How to build a Cloud Asset Inventory for Azure

Azure

Cloud Asset Inventory

Tutorials

How to build a Cloud Asset Inventory for Azure

•

Are you experiencing challenges in managing your Azure infrastructure? Do you need help keeping track of all your cloud assets, ensuring compliance, and maintaining security? If these issues sound familiar, then it's time to consider implementing a cloud asset inventory.

Managing assets in cloud environments such as Azure is growing increasingly complex. As organizations expand their cloud infrastructure, tracking resources, ensuring compliance, and maintaining strong security measures become more challenging. The dynamic nature of cloud environments, with frequent changes and additions, complicates asset management further. Therefore, a comprehensive cloud asset inventory is essential. It offers a clear and organized view of all cloud resources, streamlining operations and mitigating potential risks.

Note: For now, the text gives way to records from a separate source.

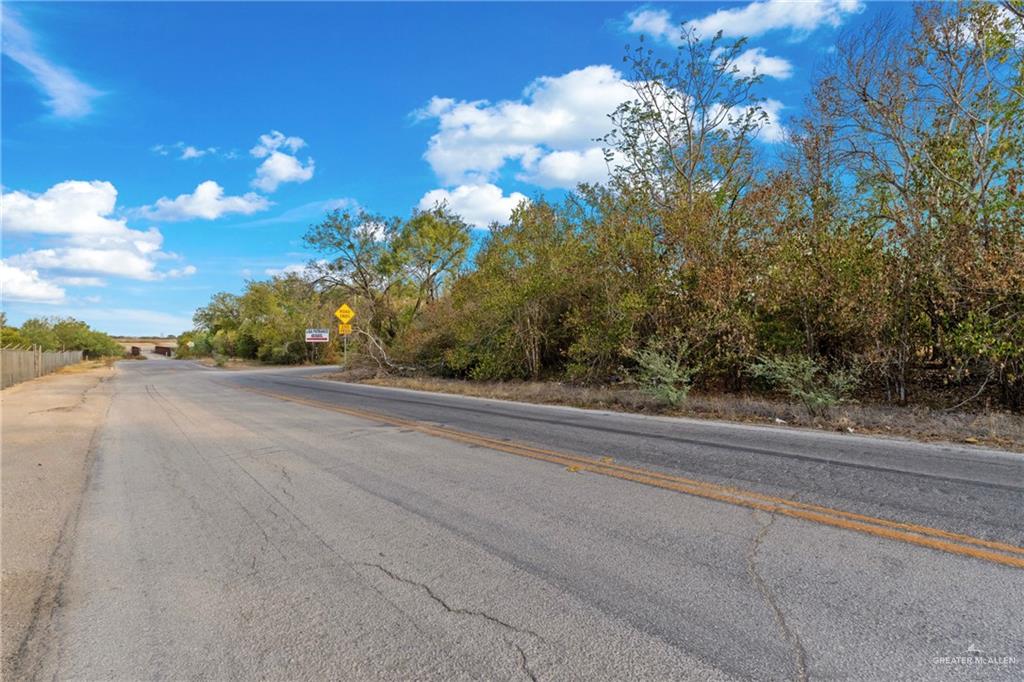 1706 East Ashley Road San Antonio, TX 78214 - Photo 15 of 16 Paved road frontage with double yellow lines, bordered by established trees and natural landscaping
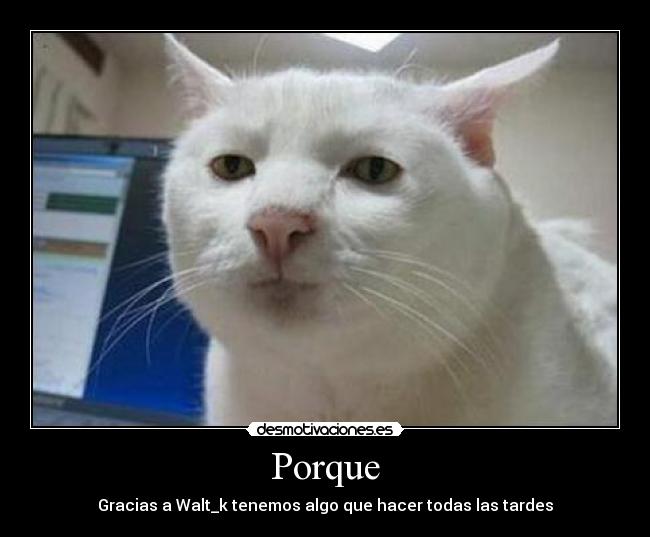 Porque - Gracias a Walt_k tenemos algo que hacer todas las tardes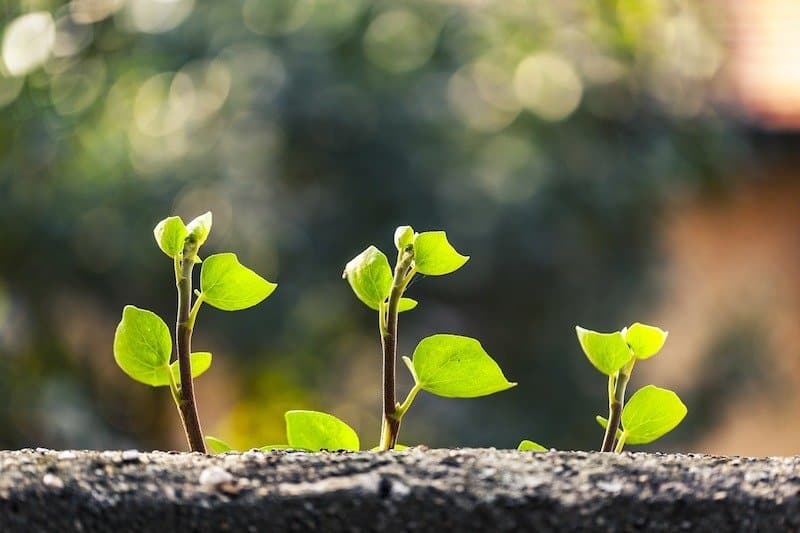 6 Ways To Grow Your Gift Of Prophecy 6 Ways To Grow Your Gift Of Prophecy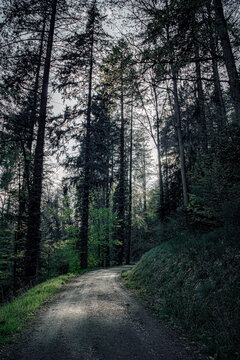 big road in the woods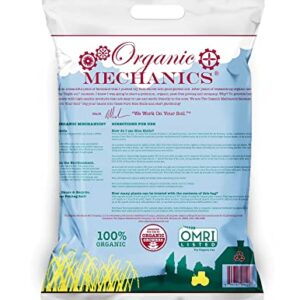 Organic Mechanics Pure Rice Hulls - Perlite Substitute Soil Amendment for Gardens, 8 Quart Bag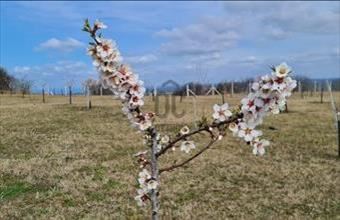 Eladó Ságvári egyéb mezőgazdasági ingatlan hirdetés (28594713)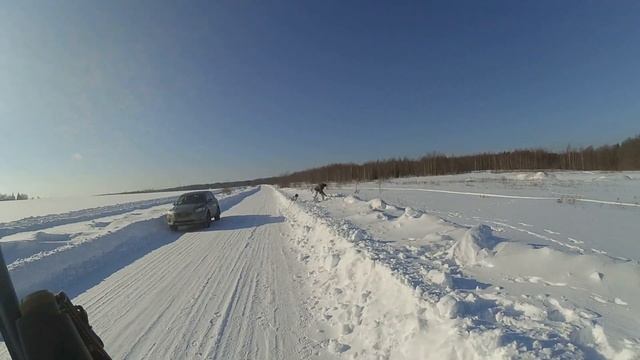 Стрельба по тарелочкам, закрытие охоты 23. 02. 2023г. смотреть онлайн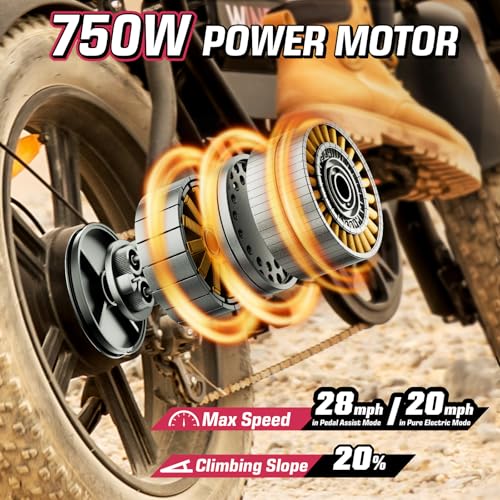 E2/K20 Electric Bike for Adults, 48V 13Ah/15Ah, 750/1000W Peak, 20"/26" Fat Tires Z839544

In this tutorial, you will build a cloud asset manager for Azure using CloudQuery. You’ll connect to your Azure account, collect data on all your cloud assets, and store it in a PostgreSQL database for analysis and reporting. However, with CloudQuery, you can extract data from ANY data source (AWS, GCP, etc.) and load it into ANY data destination (Snowflake, BigQuery, Databricks, DuckDB, Clickhouse, etc.).

Looking to build a Cloud Asset Inventory for your AWS data? Check our tutorial, Building an AWS Cloud Asset Inventory.

Building a Cloud Asset Inventory for your Azure Resources #

Let’s break down the tech stack and architecture of this project, and I’ll explain why we’re using each component.

If you want to follow along with a video version of this post, you can check that out here:

Live Coding: Building a Multi-Cloud Asset Inventory with AWS & GCP using CloudQuery and Postgres YouTube Video

Step 0: Prerequisites #

Before jumping into the demo, you’ll need a few prerequisites to ensure everything runs smoothly. These setup steps will prepare your environment to sync cloud data from AWS and GCP into PostgreSQL.

1. Azure Access #

You will need Azure credentials to pull cloud asset data from AWS. You can checkout all the ways to authenticate with Azure here.

3. Docker #

We’ll be using Docker to run a PostgreSQL container where cloud assets from Azure will be stored. Make sure Docker is installed and running on your local machine before proceeding with the demo.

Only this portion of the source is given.